Can Zanu PF change?


The Zanu PF conference start in earnest in Mutare today with President Robert Mugabe expected to officially open the event.

The party had announced the conference would start on Wednesday but not much took place on the day and on Thursday when leaders started to arrive for the event.

As of Thursday construction was still taking place at Mary Mount Teachers College, the venue of the event.

In one section of the venue, workers were on Wednesday still putting up a security fence while others were laying paving blocks.

Party officials were Thursday still running around frantically trying to ready the venue for the big event before the arrival of President Mugabe and his entourage.
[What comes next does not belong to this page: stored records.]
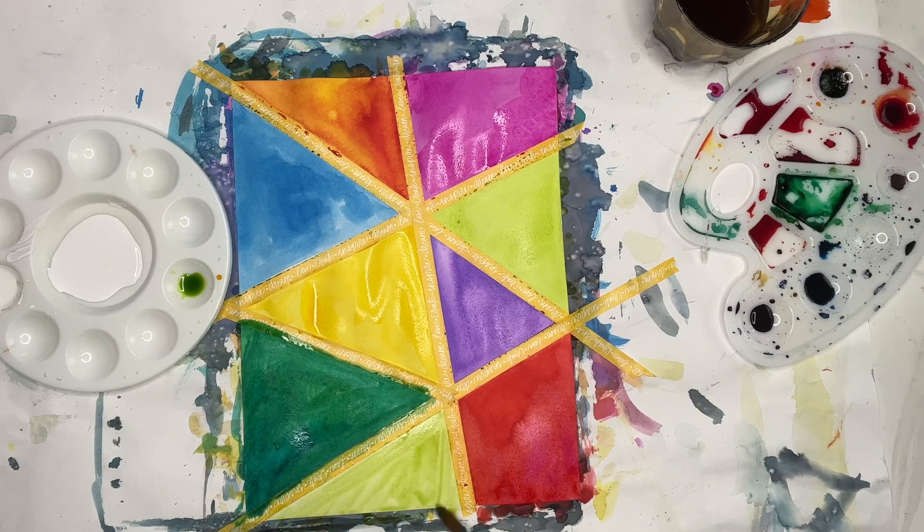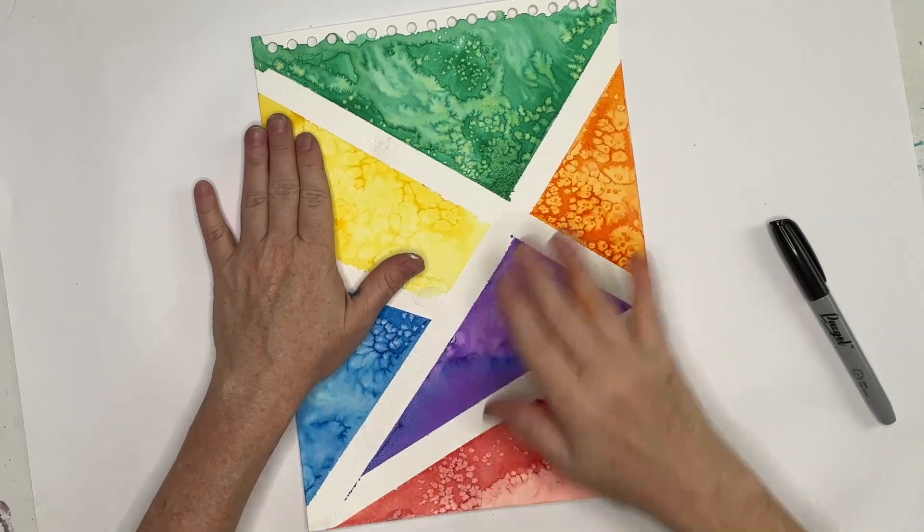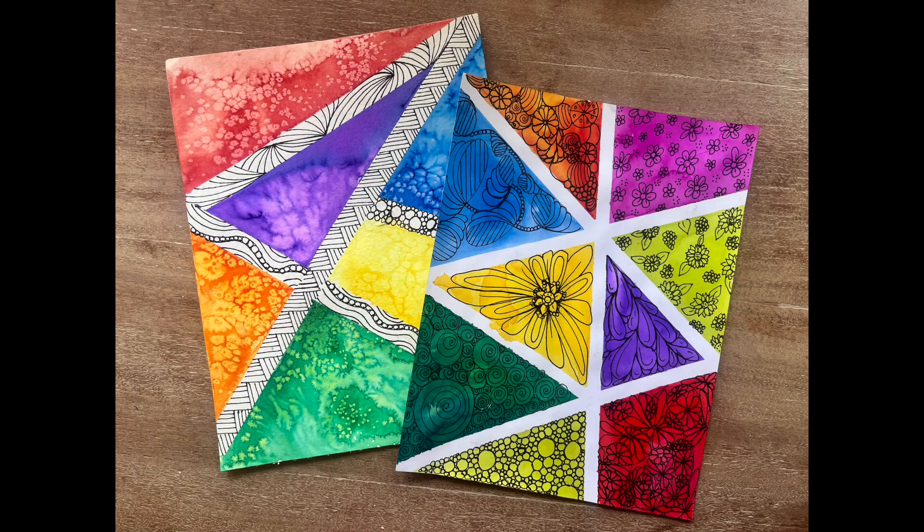Now, go make some art and use some of those colors, but most importantly, forget not the Lord.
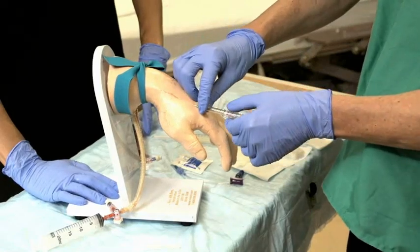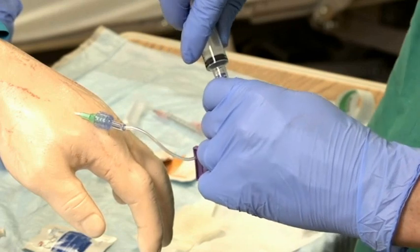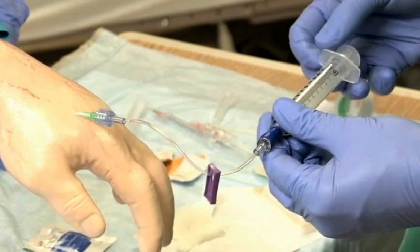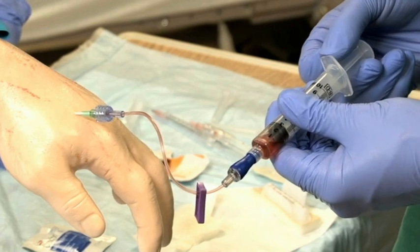Once the catheter is successfully placed, remove the needle. Once you remove the metal needle from a catheter in a vein, do not reinsert it. Doing so could shear off the catheter tip, releasing it into the bloodstream. If you need blood for testing, withdraw it now, either using a syringe or a vacuum collection tube.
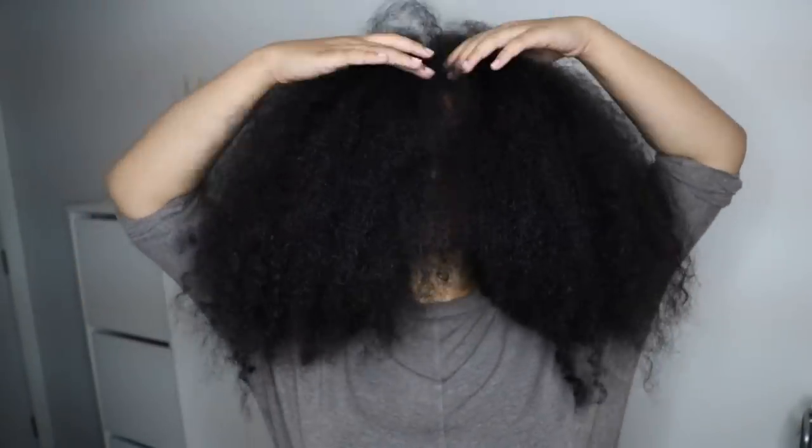Hey guys, welcome back to my channel, it's your girl Amber. Today in this quick video I'm going to show you how I moisturize my dry natural hair. Currently my hair is washed, detangled, and conditioned — I already did that in the shower about two hours before this, and right now my hair is about 70% dry.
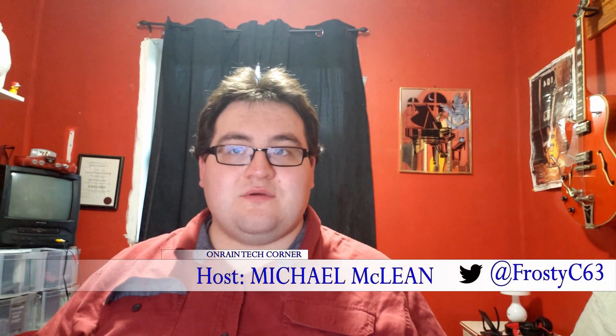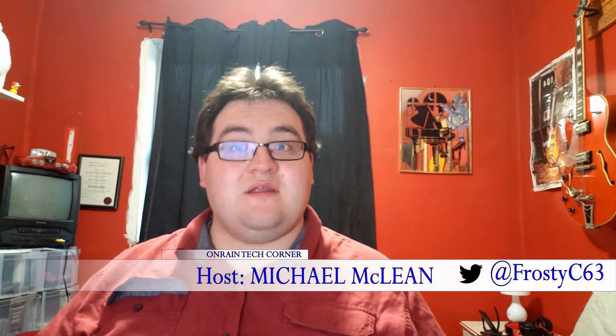Hello everybody, welcome to another episode of On Rain Tech Corner, the corner of the web where we talk about tech. And today we're going to be talking about the Fox Miro. Let's get started.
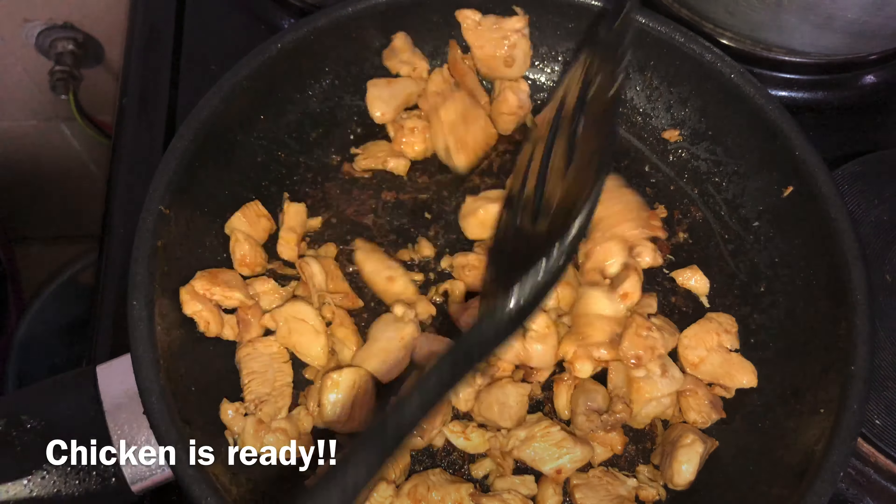Once the vegetables are done, set them aside. I'll be using chapati which I bought from my local grocery store. Put that on the hot pan, add the cheese — as the cheese starts melting, the chapati will be browning at the bottom. Then add your chicken to half of the chapati, not the whole lot. Add your fried vegetables, and after a few minutes fold it in half as you can see in the video.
The failure by the party to prepare the venue is a big indictment on its ability to carry out basic tasks especially after announcing two weeks ago that all was in place to hold the conference.

This is a common trait of the party. It has oftentimes announced grand plans but has always fallen short on delivery.

For all its failures, it always has someone to blame. The work in progress at the venue can be dismissed as a mere logistical glitch but in actual fact it is not.

It has become a common phenomenon which has permeated into the strata of central government when targets are set but deadlines are often missed even when resources are available.

This is the case with this conference.

The provincial leadership of the party told the nation at the beginning of the month it had raised enough resources to host the event but still missed the target in construction work.

To cap all it all, party delegates in Mutare were engaged in what has become an annual ritual at the conference: the accreditation scrum.

Nothing typifies the paucity of organisational aptitude than the party’s failure to organise a smooth accreditation process.

We have seen the chaotic scenes being replayed during accreditation of polling officers before major national elections.

The chaos has actually become an administrative system often witnessed at government buildings housing key service departments.

Another evidence of poor organisation usually manifests itself in the official programme not being followed. Observers should look out for this in Mutare to see if Zanu PF will improve on this front.

Despite all this, the conference is “on course” and is billed to chart a new direction for this country. The party will only achieve if it does not repeat the age-old lines from its script (which appears is cast in stone) of sanctions, Western imperialism, empowerment, the success of the land reform programme and Mugabe chete, chete. This year, the speakers will add WikiLeaks to the mantras.

We have heard this before and it has not taken the country forward. Early this month Vice-President Joice Mujuru at a meet-the-business conference said “things change and Zanu PF can change”.

This is the challenge before the party at the moment. It has not changed the way it organises itself. Does it expect the voters to believe that it can change?